# Source data
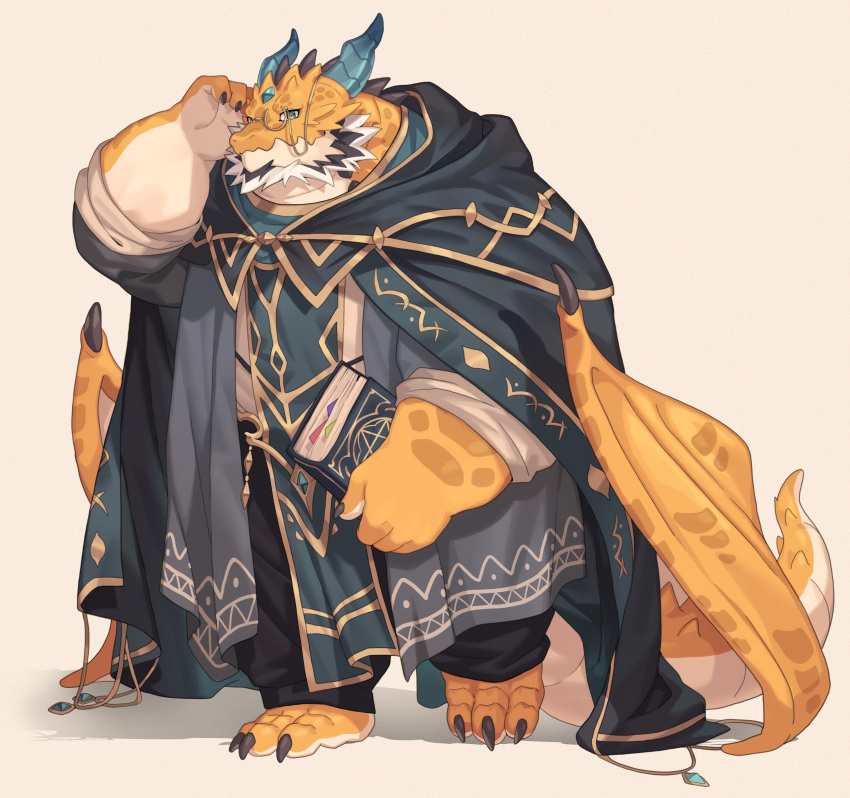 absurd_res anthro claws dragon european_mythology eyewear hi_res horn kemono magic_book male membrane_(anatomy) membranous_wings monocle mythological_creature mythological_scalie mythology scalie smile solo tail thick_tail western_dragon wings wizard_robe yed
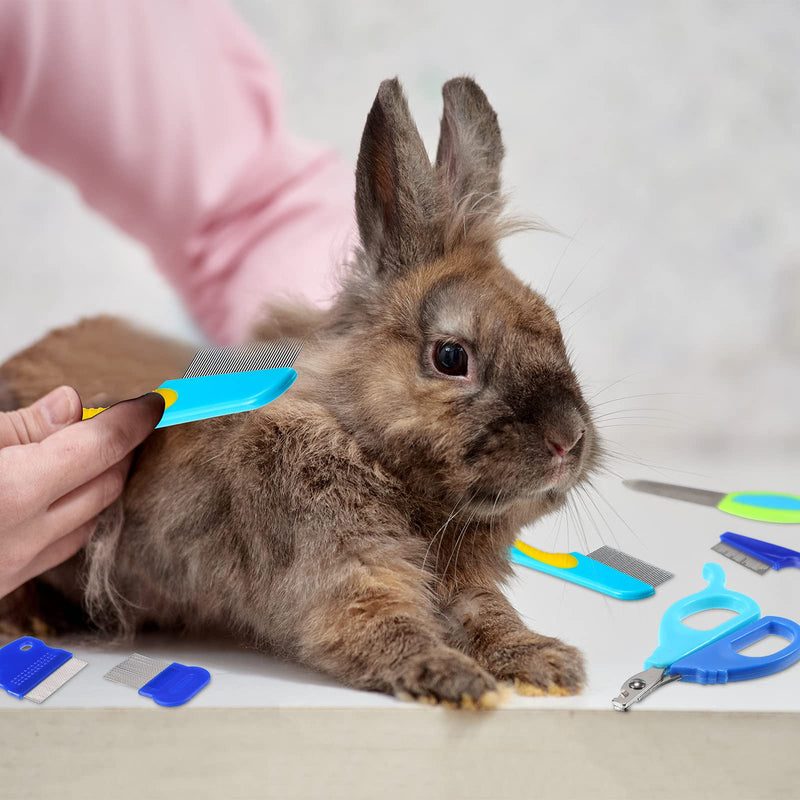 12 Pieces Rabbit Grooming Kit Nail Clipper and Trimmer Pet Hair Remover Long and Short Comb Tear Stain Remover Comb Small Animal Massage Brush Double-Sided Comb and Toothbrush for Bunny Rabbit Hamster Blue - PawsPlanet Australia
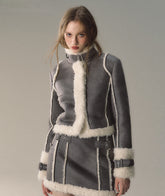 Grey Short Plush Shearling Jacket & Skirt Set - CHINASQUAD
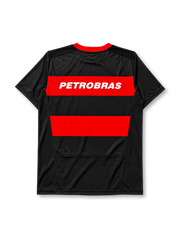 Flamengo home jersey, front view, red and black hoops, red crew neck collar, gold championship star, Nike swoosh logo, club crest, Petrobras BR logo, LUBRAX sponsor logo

# What you should do
Reproduce the entire listing above precisely, but keep the images out.

# Answer to the problem
 absurd_res anthro claws dragon european_mythology eyewear hi_res horn kemono magic_book male membrane_(anatomy) membranous_wings monocle mythological_creature mythological_scalie mythology scalie smile solo tail thick_tail western_dragon wings wizard_robe yed
 12 Pieces Rabbit Grooming Kit Nail Clipper and Trimmer Pet Hair Remover Long and Short Comb Tear Stain Remover Comb Small Animal Massage Brush Double-Sided Comb and Toothbrush for Bunny Rabbit Hamster Blue - PawsPlanet Australia
 Grey Short Plush Shearling Jacket & Skirt Set - CHINASQUAD
 Flamengo home jersey, front view, red and black hoops, red crew neck collar, gold championship star, Nike swoosh logo, club crest, Petrobras BR logo, LUBRAX sponsor logo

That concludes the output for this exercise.